»»
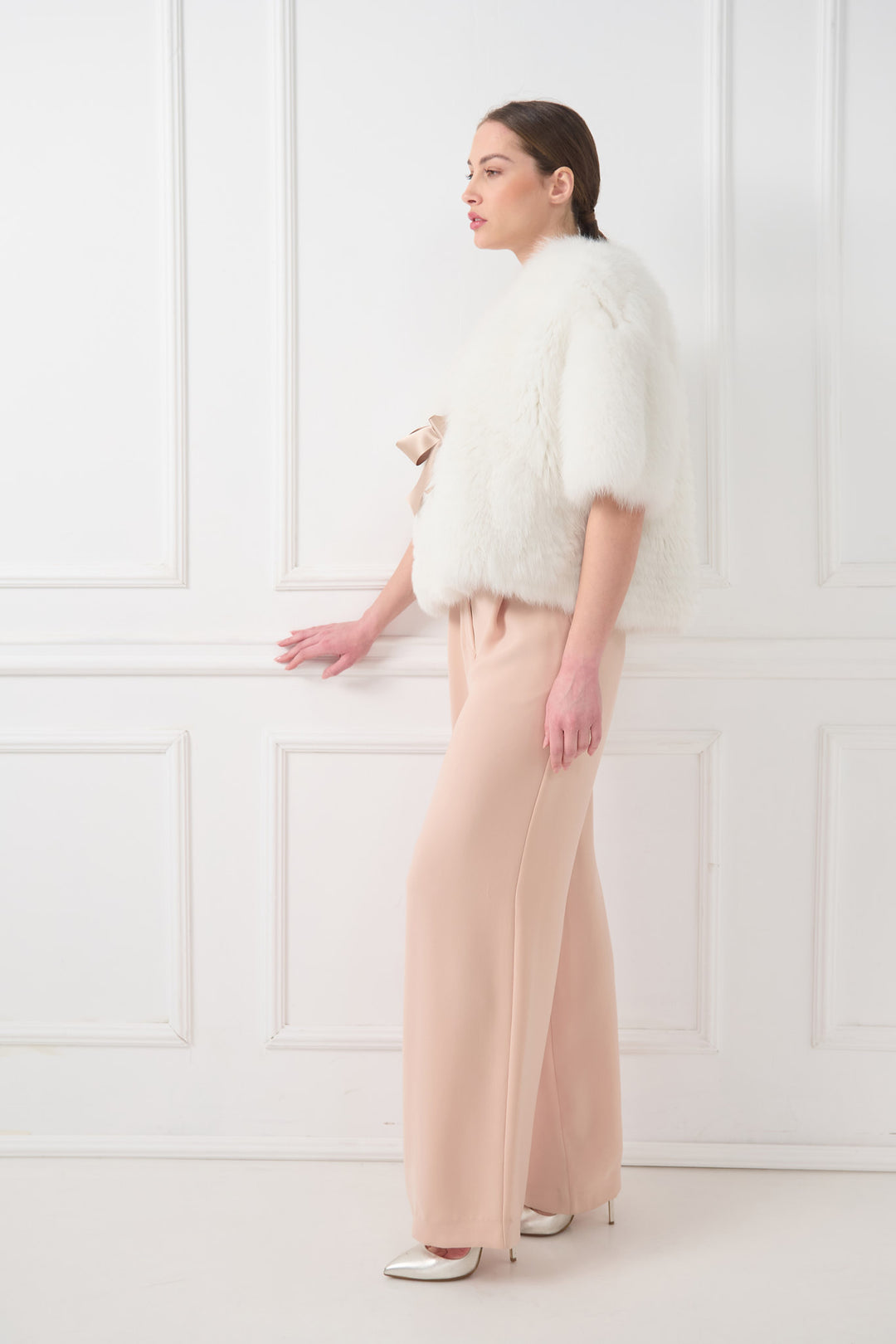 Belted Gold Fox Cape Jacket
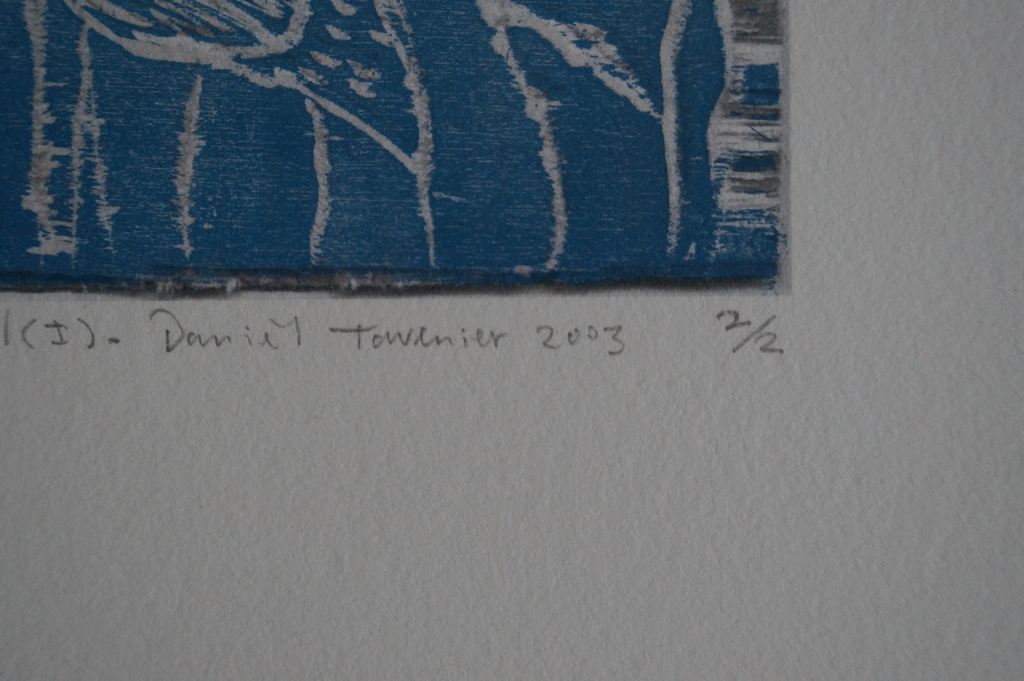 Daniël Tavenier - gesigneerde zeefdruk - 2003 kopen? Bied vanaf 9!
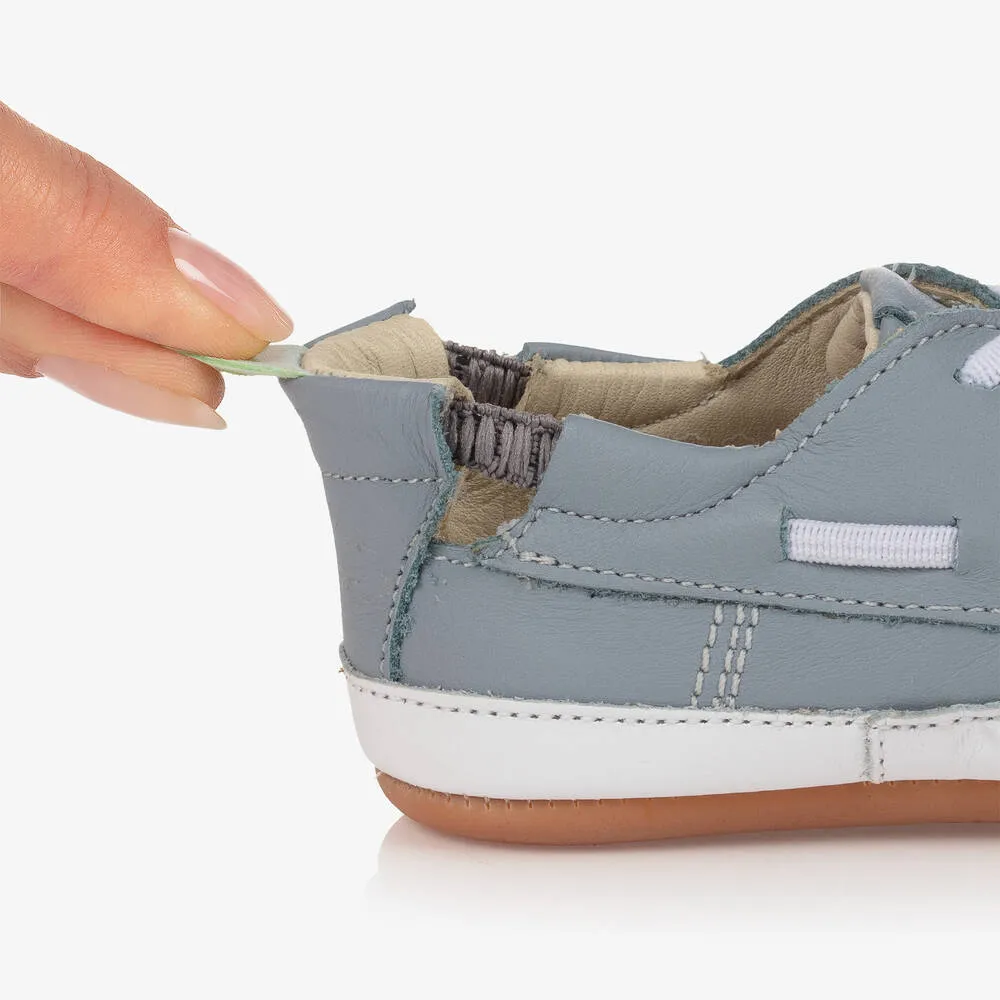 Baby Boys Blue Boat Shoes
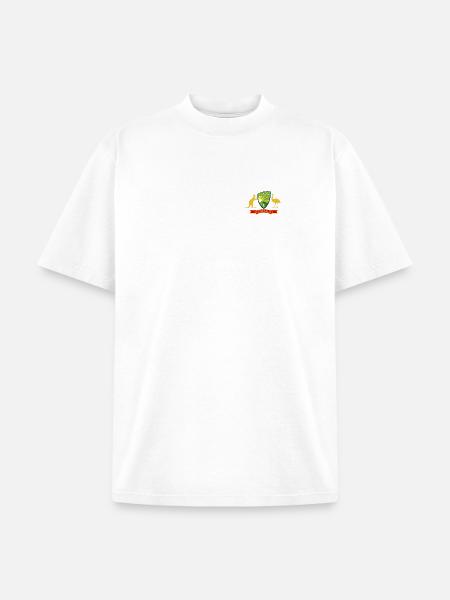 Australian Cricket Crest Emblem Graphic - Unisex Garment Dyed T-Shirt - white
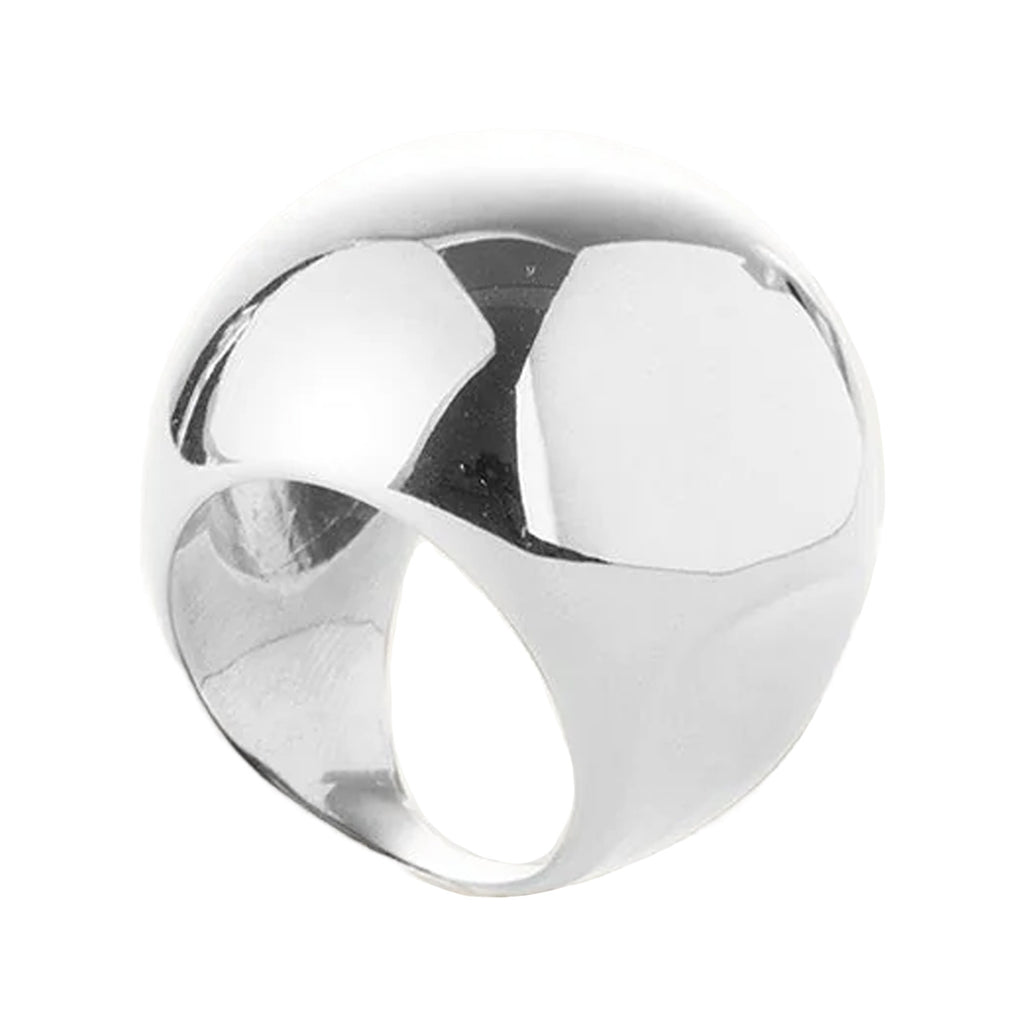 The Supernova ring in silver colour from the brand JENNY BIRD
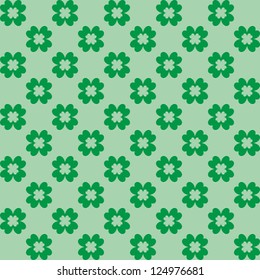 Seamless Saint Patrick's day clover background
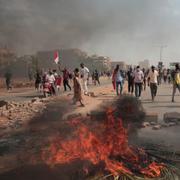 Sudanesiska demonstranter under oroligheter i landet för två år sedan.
««
§ **What needs to be done**
Your copy must consist solely of the lines from the one containing "Baby Boys Blue Boat Shoes" through the final line of the material above, transcribed exactly, with the pictures left out.

§ **Written solution**
 Baby Boys Blue Boat Shoes
 Australian Cricket Crest Emblem Graphic - Unisex Garment Dyed T-Shirt - white
 The Supernova ring in silver colour from the brand JENNY BIRD
 Seamless Saint Patrick's day clover background
 Sudanesiska demonstranter under oroligheter i landet för två år sedan.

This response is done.